Saurons nous tenir ce fil? Une chose est assurée, ça ne saurait être le fil à couper le beurre, soit la bonne manière de se partager un bien. Si l'on veut tenter une transmission de la psychanalyse, ce sera au prix pour chacun de faire l'épreuve d'une division subjective.

Alors est ce le fil du rasoir, chacun prenant le risque d'y laisser un bout de chair ? Prendre la parole comporte assurément un risque, mais n'est ce pas du même ordre que celui de l'analysant dans sa cure? Serait ce alors une position sacrificielle qui serait requise ici, renouant ainsi avec la tradition d'une religiosité qui promettait une rencontre enfin réussie avec le Père?. Le siècle dernier a produit les aliénations les plus pernicieuses au nom d'une défense de "la Cause" et c'est une impasse dont les psychanalystes ne sont pas toujours prémunis.

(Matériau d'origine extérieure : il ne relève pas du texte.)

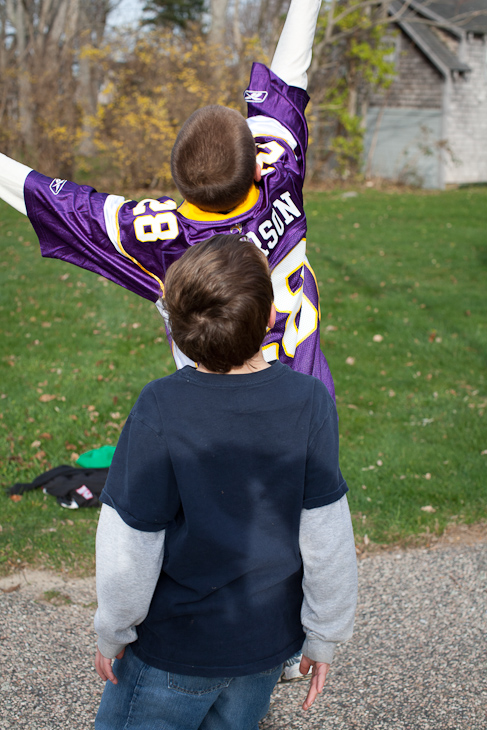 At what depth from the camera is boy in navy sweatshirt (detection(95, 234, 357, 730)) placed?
143 centimetres

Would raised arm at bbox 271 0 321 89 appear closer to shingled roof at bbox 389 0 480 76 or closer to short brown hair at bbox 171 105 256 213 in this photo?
short brown hair at bbox 171 105 256 213

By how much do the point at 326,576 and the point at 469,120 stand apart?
24172mm

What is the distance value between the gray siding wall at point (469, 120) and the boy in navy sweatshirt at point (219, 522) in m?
22.4

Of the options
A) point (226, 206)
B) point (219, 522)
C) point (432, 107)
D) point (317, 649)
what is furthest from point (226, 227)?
point (432, 107)

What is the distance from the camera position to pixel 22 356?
6.65m

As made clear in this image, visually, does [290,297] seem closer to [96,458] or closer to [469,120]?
[96,458]

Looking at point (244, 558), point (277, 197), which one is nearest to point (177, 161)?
point (277, 197)

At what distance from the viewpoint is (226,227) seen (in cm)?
221

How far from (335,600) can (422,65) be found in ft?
78.3

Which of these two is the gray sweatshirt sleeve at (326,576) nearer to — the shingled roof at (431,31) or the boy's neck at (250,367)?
the boy's neck at (250,367)

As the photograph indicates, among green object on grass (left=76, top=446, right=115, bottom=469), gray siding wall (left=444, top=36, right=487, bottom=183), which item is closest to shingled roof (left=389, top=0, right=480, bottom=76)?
gray siding wall (left=444, top=36, right=487, bottom=183)

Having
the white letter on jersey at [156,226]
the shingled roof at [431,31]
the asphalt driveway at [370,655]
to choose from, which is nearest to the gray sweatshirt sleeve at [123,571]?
the white letter on jersey at [156,226]

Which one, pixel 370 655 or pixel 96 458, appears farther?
pixel 96 458

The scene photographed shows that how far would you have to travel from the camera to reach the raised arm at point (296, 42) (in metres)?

A l'entrée de ce XXI ème siècle, on voit surgir les figures nouvelles de la barbarie. Seront nous plus malins que nos ancêtres qui donnèrent à ce lieu d'incertitude et d' une-bevue le visage du Diabolique? L'époque pourrait nous conduire au pessimisme si nous n'avions pas quelques outils pour saisir la structure de la paranoïa collective qui a le mérite incomparable de soulager provisoirement les embarras de la différences des sexes par une abolition de la dite différence, le caractère fondamentalement étranger du père et sa projection dans le réel de sa figure menaçante, la rivalité fraternelle exacerbée dans la compétition imaginaire pour une réconciliation face à cet étranger hostile, etc. Charles Melman alors que la xénophohie devenait en 1991-92 un argument politique inquiétant, en dépliait après Freud et sa Massenpsycholog,, la logique.

Pour donner un peu de légèreté à notre propos, je vous proposerais bien la métaphore de l'acrobate qui marche lui aussi sur un fil, moins pour l'image que pour le signifiant. Par son étymologie grecque l'akrobatês qui se décompose en batês qui veut dire marcheur et akros qui veut dire à l'extrémité, à la limite. L'acrobatês, le marcheur à la limite ça pourrait assez bien convenir comme proposition et comme style de travail pour une école de psychanalyse puisqu'il s'agirait de se tenir dans l'étroit d'un bord, sur le bord du réel.

Pour se tenir sur ce fil nous pouvons concevoir qu'il faille avoir recours à quelques systèmes stabilisateurs où une fois lancé il n'y a plus qu'à tenter le chemin. On imagine aussi que cela ne va pas sans quelques exercices assidus pour savoir y faire avec cette proximité du vide. Que la pertinence de l'acte analytique oblige à la solitude demande avec la même insistance que la structure de cet acte puisse être dégagée.

C'est ainsi que cette Ecole engage son projet en proposant des enseignements, en nous rompant à la discipline de la lecture des textes fondateurs, en invitant à la mise en place de cartels, en ouvrant des lieux où la clinique saurait nous provoquer à l'invention.

Poitiers, octobre 2001, Alain Harly.